===== Records for this exercise

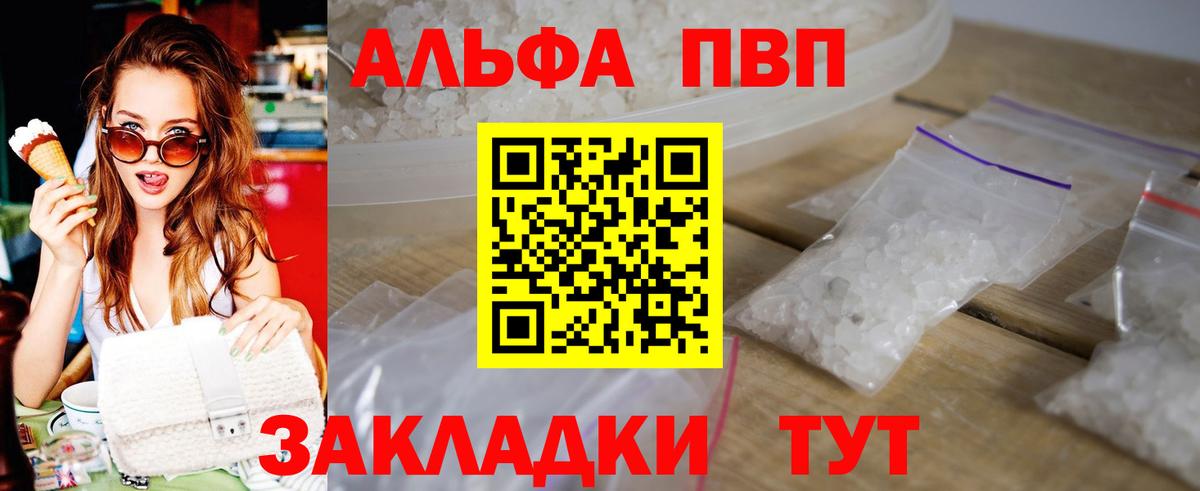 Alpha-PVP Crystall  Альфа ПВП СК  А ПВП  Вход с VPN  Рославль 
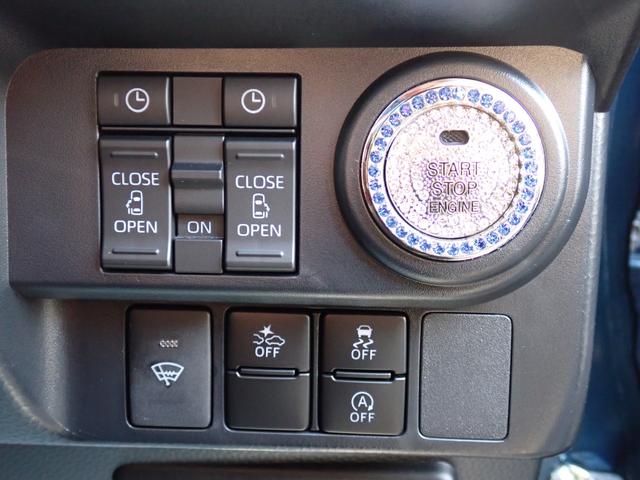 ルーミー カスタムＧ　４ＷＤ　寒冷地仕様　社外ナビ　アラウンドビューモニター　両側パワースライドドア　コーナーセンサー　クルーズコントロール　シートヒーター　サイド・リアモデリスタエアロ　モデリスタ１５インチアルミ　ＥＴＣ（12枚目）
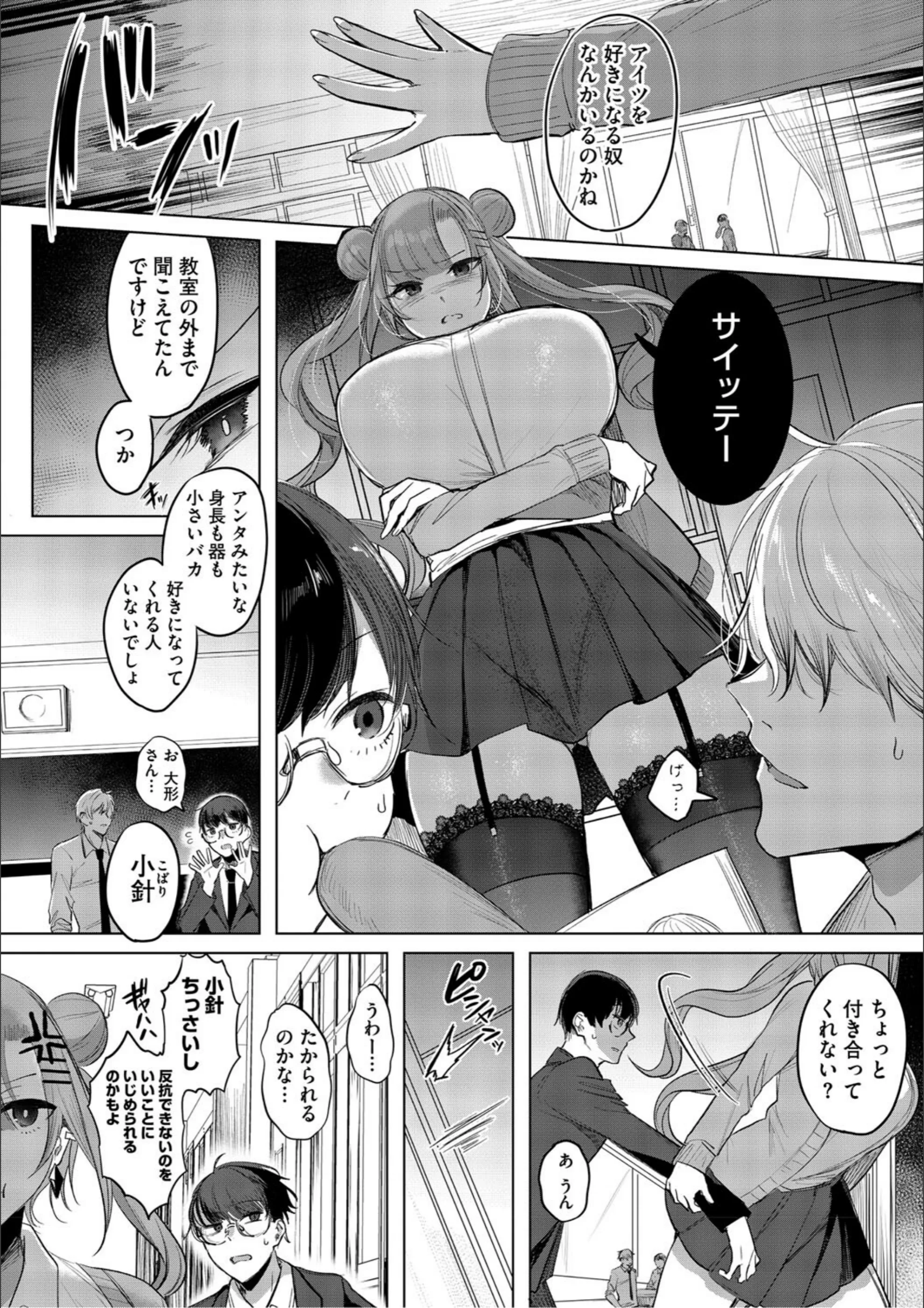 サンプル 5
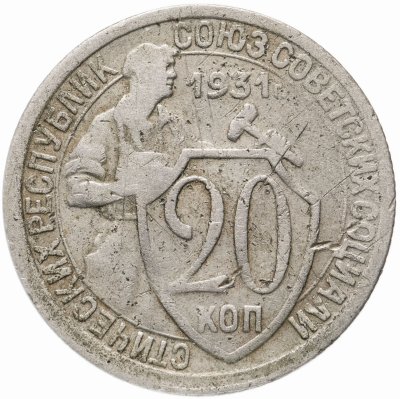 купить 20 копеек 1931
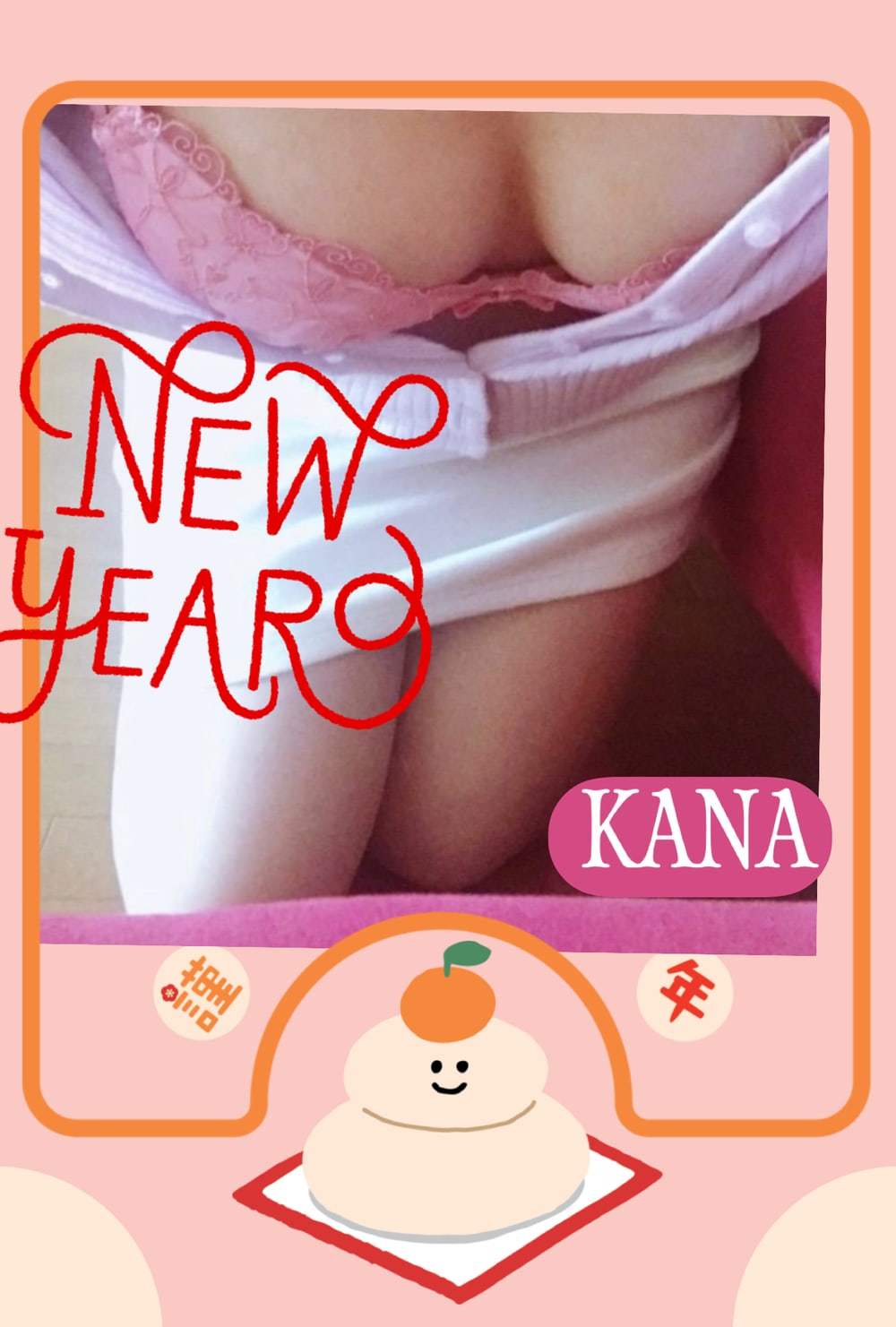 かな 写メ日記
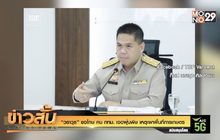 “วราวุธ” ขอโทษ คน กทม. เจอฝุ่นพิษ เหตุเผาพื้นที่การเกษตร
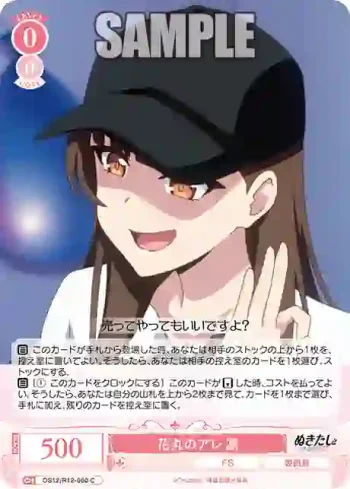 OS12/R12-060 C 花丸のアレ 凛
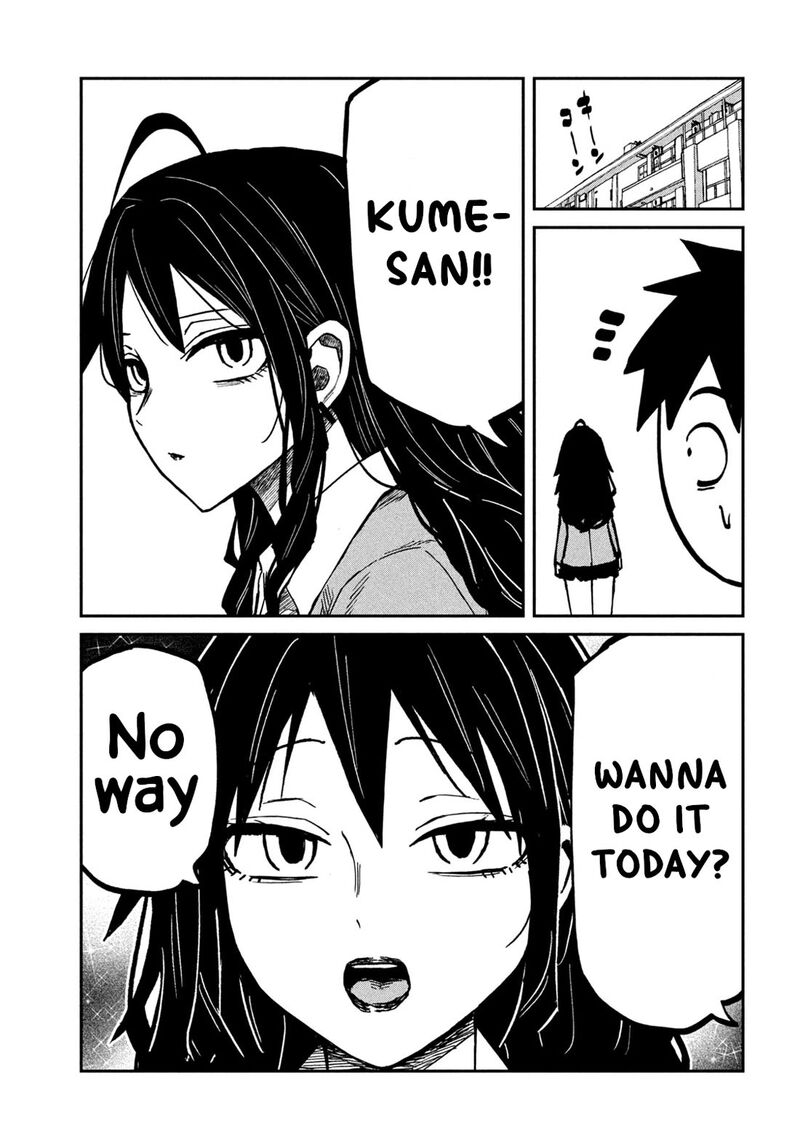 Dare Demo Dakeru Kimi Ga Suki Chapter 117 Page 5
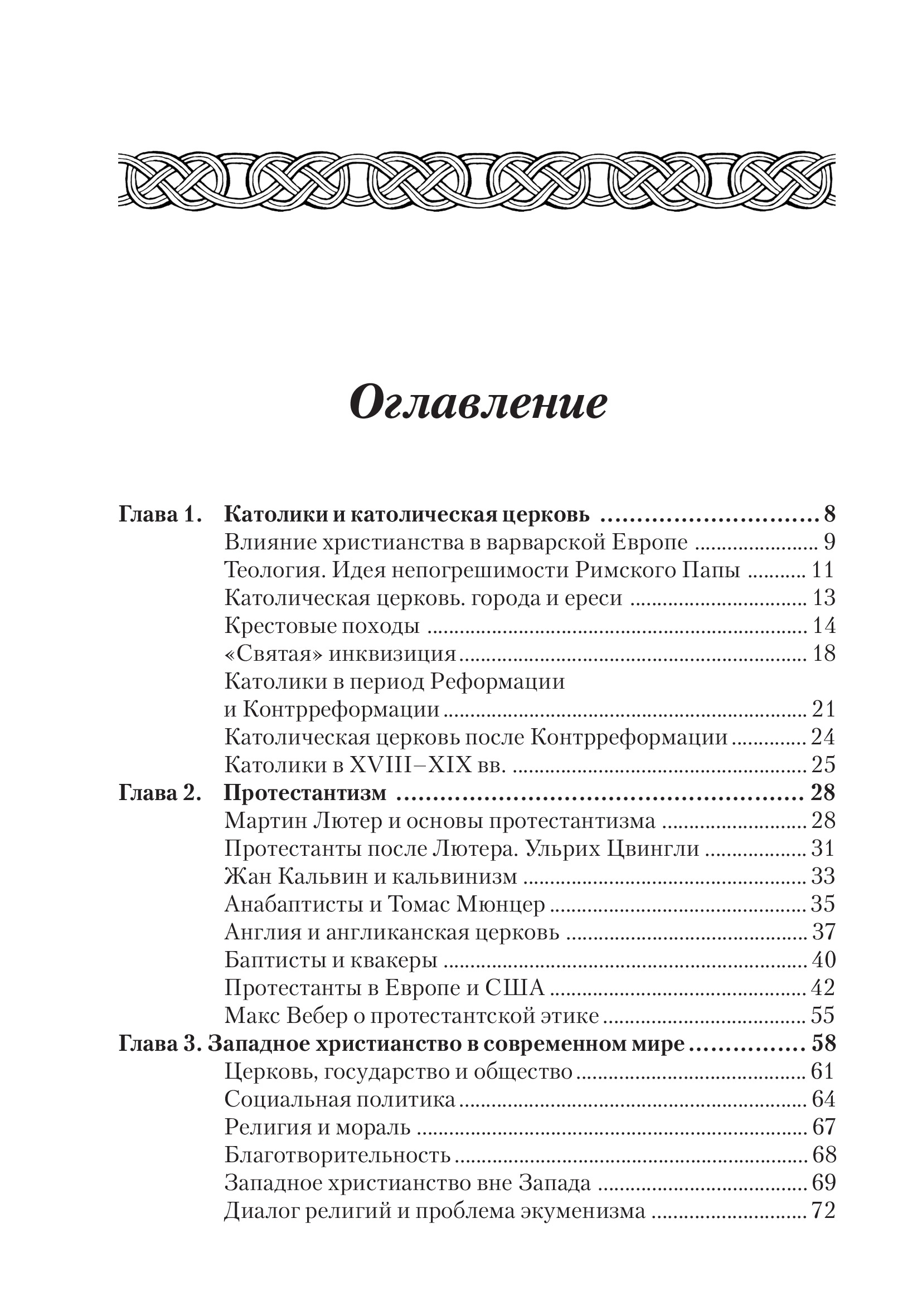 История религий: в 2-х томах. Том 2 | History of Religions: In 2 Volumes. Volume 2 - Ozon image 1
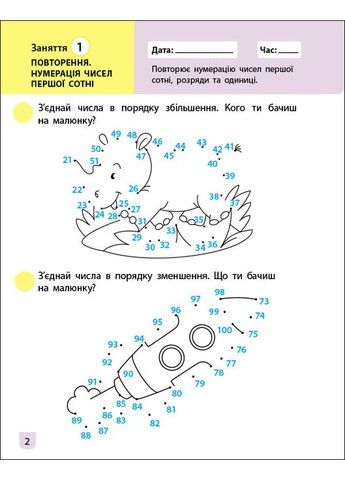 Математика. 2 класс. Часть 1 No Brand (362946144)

==========

**What the task asks**
Print each entry shown above with exact wording and no pictures.

**Response area**
 Alpha-PVP Crystall  Альфа ПВП СК  А ПВП  Вход с VPN  Рославль 
 ルーミー カスタムＧ　４ＷＤ　寒冷地仕様　社外ナビ　アラウンドビューモニター　両側パワースライドドア　コーナーセンサー　クルーズコントロール　シートヒーター　サイド・リアモデリスタエアロ　モデリスタ１５インチアルミ　ＥＴＣ（12枚目）
 サンプル 5
 купить 20 копеек 1931
 かな 写メ日記
 “วราวุธ” ขอโทษ คน กทม. เจอฝุ่นพิษ เหตุเผาพื้นที่การเกษตร
 OS12/R12-060 C 花丸のアレ 凛
 Dare Demo Dakeru Kimi Ga Suki Chapter 117 Page 5
 История религий: в 2-х томах. Том 2 | History of Religions: In 2 Volumes. Volume 2 - Ozon image 1
 Математика. 2 класс. Часть 1 No Brand (362946144)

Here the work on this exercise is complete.